Drug-making giant Merck & Co. has announced that it will halt its efforts to pressure states into making the vaccination of all young girls against a sexually transmitted disease mandatory.

According to a report in the Wall Street Journal, the drug manufacturer said the lobbying had become a distraction because of the backlash among physicians, consumer advocates, parents and even legislators.

The report said the “aggressive lobbying campaign” was designed to boost the sales of Merck’s Gardasil, the only vaccine approved by the Food and Drug Administration for the few strains of the human papillomavirus that it affects.

Its costs are estimated to be in the $360-$400 per person range, which could have meant billions in revenue for the company, depending on the number of state legislatures convinced that requiring the vaccine is appropriate.

Strains of HPV have been connected to cervical cancer cases.
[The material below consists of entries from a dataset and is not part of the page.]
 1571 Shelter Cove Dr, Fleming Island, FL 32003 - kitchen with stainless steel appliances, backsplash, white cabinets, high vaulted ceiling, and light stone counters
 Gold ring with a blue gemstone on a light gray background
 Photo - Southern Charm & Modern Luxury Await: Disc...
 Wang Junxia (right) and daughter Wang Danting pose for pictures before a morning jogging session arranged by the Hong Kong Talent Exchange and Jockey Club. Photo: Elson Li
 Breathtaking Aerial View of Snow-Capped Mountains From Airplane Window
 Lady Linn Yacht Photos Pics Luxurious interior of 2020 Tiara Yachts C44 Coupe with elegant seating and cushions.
However, HPV cannot be transmitted easily; it is gotten only through sexual contact.

The lobbying was distracting from the company’s goal of immunizing women, Richard Haupt, Merck’s executive director of medical affairs, told the WSJ. Instead the company has “decided at this point not to lobby for school laws any further.”

Only days earlier, U.S. Rep. Phil Gingrey, R-Ga., launched a proposal in Congress that would have discouraged states from requiring parents to have their underage daughters – those heading into sixth grade – vaccinated for the STD.
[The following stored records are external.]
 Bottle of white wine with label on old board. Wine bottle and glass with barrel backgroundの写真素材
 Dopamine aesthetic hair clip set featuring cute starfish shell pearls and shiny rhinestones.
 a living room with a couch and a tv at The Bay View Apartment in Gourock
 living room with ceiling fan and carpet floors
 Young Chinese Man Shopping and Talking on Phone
U.S. Rep. Phil Gingrey, R-Ga.

As WND has reported, the campaign was sweeping across the nation to implement state requirements that young girls be vaccinated with Gardasil.

An updated report from the National Conference of State Legislatures said the requirements have been implemented in Texas by executive order of Gov. Rick Perry, but the District of Columbia and more than 30 other states are considering plans.

There has been so much activity that the NCSL has set up a special website just to track and update the various campaigns.

The mandates appear to be a coordinated effort because a number of the sponsors of the plans are members of Women in Government, an organization set up for female state lawmakers that runs an attached website promoting the vaccine and mandates that would require its use.

Merck & Co. is a financial contributor to Women in Government, although both Merck and Women in Government, a 501(c)(3) non-profit organization, have declined to release how much that support is.

But Gingrey, a medical doctor, announced he has introduced the Parental Right to Decide Protection Act, a plan that “prohibits federal funds from being used to implement mandatory state human-papillomavirus (HPV) vaccination programs.”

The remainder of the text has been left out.